In every industry, ideas and traditions arise that are misleading and counterproductive. Based on my experience with more than 170 businesses, here are seven myths that plague direct marketers today:
• Your goal is 100 percent response. If you try to sell to everyone, you will actually reduce response because your message will be diluted in its attempt to be all-inclusive. The most productive messages talk boldly and directly to the ideal buyer. If that is just 1 percent of your list, then forget about the other 99 percent. Sell to the people who want to buy what you are selling. The rest are irrelevant.
• Aggressive techniques create sales. They do, sometimes. But do not get too enamored of your own communication prowess. You cannot make people do anything they do not want to do. All you can do is get the right offer into the right hands at the right time and try to make the transaction as attractive and easy as possible.

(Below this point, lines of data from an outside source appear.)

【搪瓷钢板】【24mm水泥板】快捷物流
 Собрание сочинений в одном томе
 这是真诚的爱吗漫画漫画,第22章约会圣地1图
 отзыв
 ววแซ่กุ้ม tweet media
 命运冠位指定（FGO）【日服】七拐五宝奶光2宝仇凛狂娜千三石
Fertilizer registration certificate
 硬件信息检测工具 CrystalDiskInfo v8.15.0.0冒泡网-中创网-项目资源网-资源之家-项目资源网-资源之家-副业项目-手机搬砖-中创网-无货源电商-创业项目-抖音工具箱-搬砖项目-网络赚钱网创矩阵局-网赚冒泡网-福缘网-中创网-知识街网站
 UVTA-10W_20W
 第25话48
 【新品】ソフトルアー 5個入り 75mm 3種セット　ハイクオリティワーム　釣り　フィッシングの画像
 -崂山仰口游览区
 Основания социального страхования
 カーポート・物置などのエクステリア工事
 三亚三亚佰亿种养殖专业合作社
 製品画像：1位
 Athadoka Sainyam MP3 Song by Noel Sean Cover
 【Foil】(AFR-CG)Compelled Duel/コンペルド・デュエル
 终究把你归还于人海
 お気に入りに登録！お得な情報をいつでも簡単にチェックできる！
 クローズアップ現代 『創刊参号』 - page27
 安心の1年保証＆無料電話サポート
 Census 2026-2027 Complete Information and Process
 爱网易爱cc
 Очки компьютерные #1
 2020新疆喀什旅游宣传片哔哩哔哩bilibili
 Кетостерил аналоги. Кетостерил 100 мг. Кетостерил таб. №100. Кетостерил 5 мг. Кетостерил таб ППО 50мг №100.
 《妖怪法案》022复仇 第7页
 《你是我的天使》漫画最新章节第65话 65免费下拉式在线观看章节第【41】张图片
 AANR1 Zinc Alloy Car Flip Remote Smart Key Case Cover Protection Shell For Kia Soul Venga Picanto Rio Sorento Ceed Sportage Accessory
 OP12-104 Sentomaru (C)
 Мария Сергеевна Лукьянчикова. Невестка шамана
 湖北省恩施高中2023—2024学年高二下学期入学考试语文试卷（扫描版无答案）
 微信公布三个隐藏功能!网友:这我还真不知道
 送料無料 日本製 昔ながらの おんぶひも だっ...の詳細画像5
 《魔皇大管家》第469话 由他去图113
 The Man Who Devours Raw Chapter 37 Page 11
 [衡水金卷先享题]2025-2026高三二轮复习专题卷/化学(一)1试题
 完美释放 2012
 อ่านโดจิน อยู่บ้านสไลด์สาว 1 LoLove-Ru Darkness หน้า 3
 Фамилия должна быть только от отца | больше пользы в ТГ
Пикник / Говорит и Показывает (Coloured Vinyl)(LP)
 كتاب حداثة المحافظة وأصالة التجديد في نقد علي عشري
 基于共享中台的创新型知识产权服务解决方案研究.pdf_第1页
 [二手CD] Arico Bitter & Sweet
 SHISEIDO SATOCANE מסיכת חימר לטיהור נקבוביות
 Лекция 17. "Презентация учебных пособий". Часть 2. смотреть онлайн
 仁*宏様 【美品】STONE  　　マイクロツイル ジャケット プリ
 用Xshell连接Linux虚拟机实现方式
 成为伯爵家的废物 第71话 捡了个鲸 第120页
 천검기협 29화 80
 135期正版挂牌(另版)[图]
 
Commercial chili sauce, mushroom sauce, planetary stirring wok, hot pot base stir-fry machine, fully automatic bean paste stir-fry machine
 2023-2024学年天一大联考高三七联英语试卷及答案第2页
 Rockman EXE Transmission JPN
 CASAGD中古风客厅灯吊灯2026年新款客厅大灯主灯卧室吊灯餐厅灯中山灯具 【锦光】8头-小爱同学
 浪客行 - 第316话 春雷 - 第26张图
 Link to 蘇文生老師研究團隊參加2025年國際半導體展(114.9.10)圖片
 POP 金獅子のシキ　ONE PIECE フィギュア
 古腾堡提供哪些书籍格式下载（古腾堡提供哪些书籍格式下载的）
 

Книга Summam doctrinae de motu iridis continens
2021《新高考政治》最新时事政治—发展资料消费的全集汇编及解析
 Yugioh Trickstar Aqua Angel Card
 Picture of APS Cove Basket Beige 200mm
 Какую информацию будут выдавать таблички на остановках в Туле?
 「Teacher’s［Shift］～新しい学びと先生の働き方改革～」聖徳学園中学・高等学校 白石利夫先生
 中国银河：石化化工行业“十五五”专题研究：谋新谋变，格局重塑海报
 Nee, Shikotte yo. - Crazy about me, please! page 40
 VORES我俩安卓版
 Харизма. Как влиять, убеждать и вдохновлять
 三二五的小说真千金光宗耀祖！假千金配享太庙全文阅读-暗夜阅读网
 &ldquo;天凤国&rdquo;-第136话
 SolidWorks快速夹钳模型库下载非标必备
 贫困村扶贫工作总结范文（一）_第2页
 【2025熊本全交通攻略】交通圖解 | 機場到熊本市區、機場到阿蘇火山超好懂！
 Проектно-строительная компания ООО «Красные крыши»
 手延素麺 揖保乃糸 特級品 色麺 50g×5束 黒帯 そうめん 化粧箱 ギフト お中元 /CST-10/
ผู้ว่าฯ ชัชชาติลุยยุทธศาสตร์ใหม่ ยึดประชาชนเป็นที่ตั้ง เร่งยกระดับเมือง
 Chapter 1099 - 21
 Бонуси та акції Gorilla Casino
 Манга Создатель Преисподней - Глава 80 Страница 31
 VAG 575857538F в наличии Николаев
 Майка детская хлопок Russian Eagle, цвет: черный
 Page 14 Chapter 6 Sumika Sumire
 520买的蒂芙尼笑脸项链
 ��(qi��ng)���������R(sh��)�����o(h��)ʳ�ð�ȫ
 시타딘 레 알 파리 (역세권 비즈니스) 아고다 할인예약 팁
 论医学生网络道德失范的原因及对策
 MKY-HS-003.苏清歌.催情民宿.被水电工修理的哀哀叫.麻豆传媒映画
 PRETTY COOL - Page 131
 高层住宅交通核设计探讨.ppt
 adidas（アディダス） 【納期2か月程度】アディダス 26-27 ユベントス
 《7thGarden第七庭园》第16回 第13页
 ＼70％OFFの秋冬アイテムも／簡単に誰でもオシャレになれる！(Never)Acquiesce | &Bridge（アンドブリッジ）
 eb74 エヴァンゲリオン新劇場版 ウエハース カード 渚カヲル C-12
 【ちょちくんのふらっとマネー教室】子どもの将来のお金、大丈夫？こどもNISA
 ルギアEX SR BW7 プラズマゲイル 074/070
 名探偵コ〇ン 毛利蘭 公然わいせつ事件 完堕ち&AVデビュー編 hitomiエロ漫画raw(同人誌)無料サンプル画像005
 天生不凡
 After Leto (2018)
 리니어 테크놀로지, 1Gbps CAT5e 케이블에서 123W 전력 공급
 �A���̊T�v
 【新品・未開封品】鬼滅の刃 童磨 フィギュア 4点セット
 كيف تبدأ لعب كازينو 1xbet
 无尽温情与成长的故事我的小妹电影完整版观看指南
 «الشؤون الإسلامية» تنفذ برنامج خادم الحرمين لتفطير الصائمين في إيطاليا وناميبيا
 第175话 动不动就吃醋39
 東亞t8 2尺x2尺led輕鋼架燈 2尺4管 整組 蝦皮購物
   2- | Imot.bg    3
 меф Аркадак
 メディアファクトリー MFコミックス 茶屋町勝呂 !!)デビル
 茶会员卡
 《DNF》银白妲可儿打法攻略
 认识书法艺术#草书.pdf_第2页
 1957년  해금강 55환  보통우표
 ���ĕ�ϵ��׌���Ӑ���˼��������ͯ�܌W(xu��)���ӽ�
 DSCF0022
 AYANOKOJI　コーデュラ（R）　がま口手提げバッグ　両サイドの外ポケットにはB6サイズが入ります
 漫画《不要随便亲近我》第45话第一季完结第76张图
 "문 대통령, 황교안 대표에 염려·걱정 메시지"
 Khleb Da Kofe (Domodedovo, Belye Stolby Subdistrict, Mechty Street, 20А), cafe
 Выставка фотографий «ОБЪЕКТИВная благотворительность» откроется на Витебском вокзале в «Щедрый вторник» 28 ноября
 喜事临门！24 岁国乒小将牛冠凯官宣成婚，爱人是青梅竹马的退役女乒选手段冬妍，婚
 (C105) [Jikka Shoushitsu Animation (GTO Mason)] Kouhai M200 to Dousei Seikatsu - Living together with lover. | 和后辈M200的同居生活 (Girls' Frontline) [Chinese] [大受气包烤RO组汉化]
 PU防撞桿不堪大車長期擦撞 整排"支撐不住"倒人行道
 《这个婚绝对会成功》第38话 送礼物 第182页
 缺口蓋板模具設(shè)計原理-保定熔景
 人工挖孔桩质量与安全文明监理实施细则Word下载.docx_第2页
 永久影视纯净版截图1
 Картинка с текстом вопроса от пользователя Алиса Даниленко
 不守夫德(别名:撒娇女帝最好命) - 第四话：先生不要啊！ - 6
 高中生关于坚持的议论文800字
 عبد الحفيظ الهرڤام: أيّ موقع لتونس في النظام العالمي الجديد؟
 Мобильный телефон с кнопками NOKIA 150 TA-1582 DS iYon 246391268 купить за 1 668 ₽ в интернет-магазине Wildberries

Instead of twisting arms, try to make a genuine effort to be helpful and relevant. For example, if you are a bank wanting to increase deposits, do not just send out a sales letter that barks, “Open your new account today!” Offer a free booklet that educates your customers about how to use your services, perhaps with a title like “How to earn more interest with your money.”
• Turn all features into benefits. Don’t be too hasty. There are some market segments that thrive on features. It is part of the enthusiast mentality where dwelling on the thing itself is the whole point of the buying experience. Dedicated woodworkers bask in details about carbide-tipped saw blades and chisel-sharpening angles. Serious mutual fund investors wallow in verbiage about modern portfolio theory and decile rankings. Avid car buffs revel in talk about horsepower and torque.
There’s an old saying: People don’t want drills; they want holes. True. But for the enthusiast, the drill itself can be as important as the beautifully straight holes it makes.
• Image doesn’t matter. Many influential direct marketers came up through the ranks selling books, magazines and informational products to a core audience of readers and direct-mail-responsive buyers. There was little need for a carefully crafted image or for subtle psychological techniques.
But today, almost every industry is using direct marketing methods at one time or another. And in this wider market, image matters. Mailers with screaming headlines, big red stickers and promises of retiring rich may be appropriate for a newsletter, but not for a respected investment firm.
It is true that image does not sell, per se. But people give a higher belief rating to what they see than to what they read. So your “look” must complement your copy.
• Succeed by imitating others. A very dangerous myth indeed. It rests on what I call the efficient marketing theory. That is the idea that all direct marketers are smart, careful testers. And if a mailing or advertisement works, they will keep using it until it stops working. If it does not work, they will test something new.
Nice theory. But many direct marketers do not run well-constructed, thorough tests. Some do not test much at all. And many businesses that do not rely on direct marketing for the bulk of their income do all sorts of stupid things because they make little difference to the bottom line.
It is certainly good to see what competitors are doing and to borrow whatever you think might work. But every product, list and offer is different. So you must always do your own testing.
• All rules are tested and trustworthy. This is a corollary to the fifth myth. And it is utter hogwash. We often act like our carefully crafted rules are handed down to us from on high, carved in stone tablets. But many are nothing more than personal preference or ideas based on narrow experience and exaggerated anecdotal evidence.
One guru I know professes that fear is the only appeal you need. Another guru preaches that envelopes should always be plain. Nonsense. In reality, there are no rules, only rules of thumb. And even these must be taken with a grain of salt.
• Start with a creative concept. In the world of mass marketing, your job is to create awareness and establish brand preferences for future purchases. Here, a memorable, well-thought-out concept can indeed help. But direct marketing is about selling directly to customers, not later but now. What you need is a powerful offer, enough information to let people make a decision about that offer and an easy means of responding to that offer. More often than not, a creative concept just gets in the way.